Dollar tree has small black ravens/crows. They are the same ones that you would get out of a magazine or Spirit, just a little smaller. I picked up four and will probally get some more, since those run from 7-12 dollars at Spirit.


----------



## Bella LaGhostly (Aug 10, 2009)

Ghost of Spookie said:


> You guys never should have sent me there!!! what were you thinking. LOL.


Don't you just love it, Spookie?  

I have to have some of those signs, and the colored flame candles are cool, too! Wish they had stores all over the country. Our store normally gets a lot more Halloween merchandise than any of the local Dollar Trees.


----------



## restlessspirit (Sep 8, 2010)

we have £1 stores in the uk i nipped in the other day to have a quick look with my two cousins who ain't the biggest fans of halloween  the ask me not to take ages looking and there they where looking more than me lol, i think deep inside they love it but think now their 17 their to old to enjoy halloween, were i am completely the opposite, i believe we should enjoy and promote this holiday to it's full portential.

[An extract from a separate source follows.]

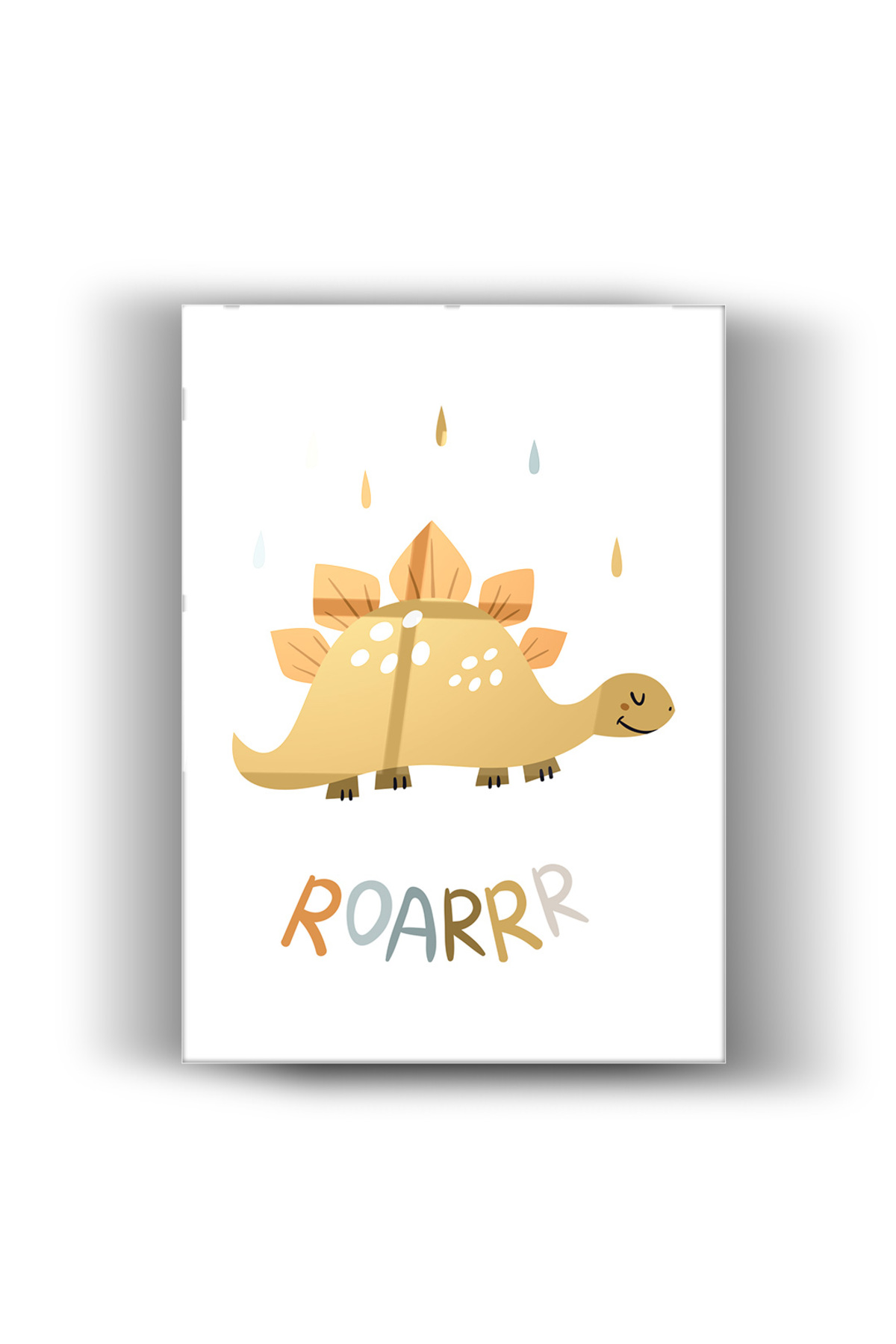Çocuklar için "Roarr" yazılı Dinozor Desenli- Cam Tablo- Ev ve Çocuk Odası Dekorasyonu-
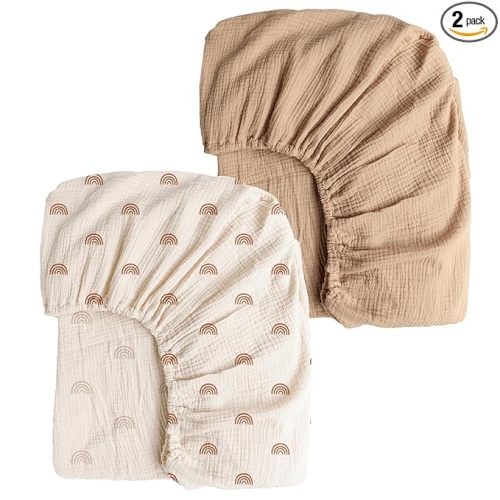 Konssy Muslin Crib Sheets for Girl Boy, 2 PCS Soft and Breathable Cotton Baby Sheets for Standard Crib Mattress, 52"x 28" (Camel, Rainbow)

their where a few decent props in there to like creepy cloth and spider web etc, but it's a shame how they had tombstones that where tiny and therefor didn't look relistic  x


----------



## Ghost of Spookie (Sep 28, 2008)

Here's the skeleton dog dish (available in white, black and orange) and the pirates' map that I mentioned above. There's a Try Me button on the compass that you can push that rotates the compass so it looks like it works. Not bad for .99. I may re-ink some of the map to make it stand out more however, but the artwork is nice and it will be great not to have to recreate a whole map.



















For the dog dish I was thinking of adding red water for blood or maybe those small skull heads that DOLLAR TREE has (and maybe even at 99 CENT STORE) and call them something like "Heads n Bones".


----------



## Angelique_NM (Aug 6, 2010)

Ghost of Spookie, I love those signs and are those Halloween tree ornaments beside them???

angelique_nm


----------



## LairMistress (Jul 31, 2009)

I bought the Glow in the Dark Ghosts that you have pictured, Ghost of Spookie. I didn't see the ornaments at my store, I wonder if they didn't get them. I've still only been to one of the 99 Cents Only stores in my area, though. 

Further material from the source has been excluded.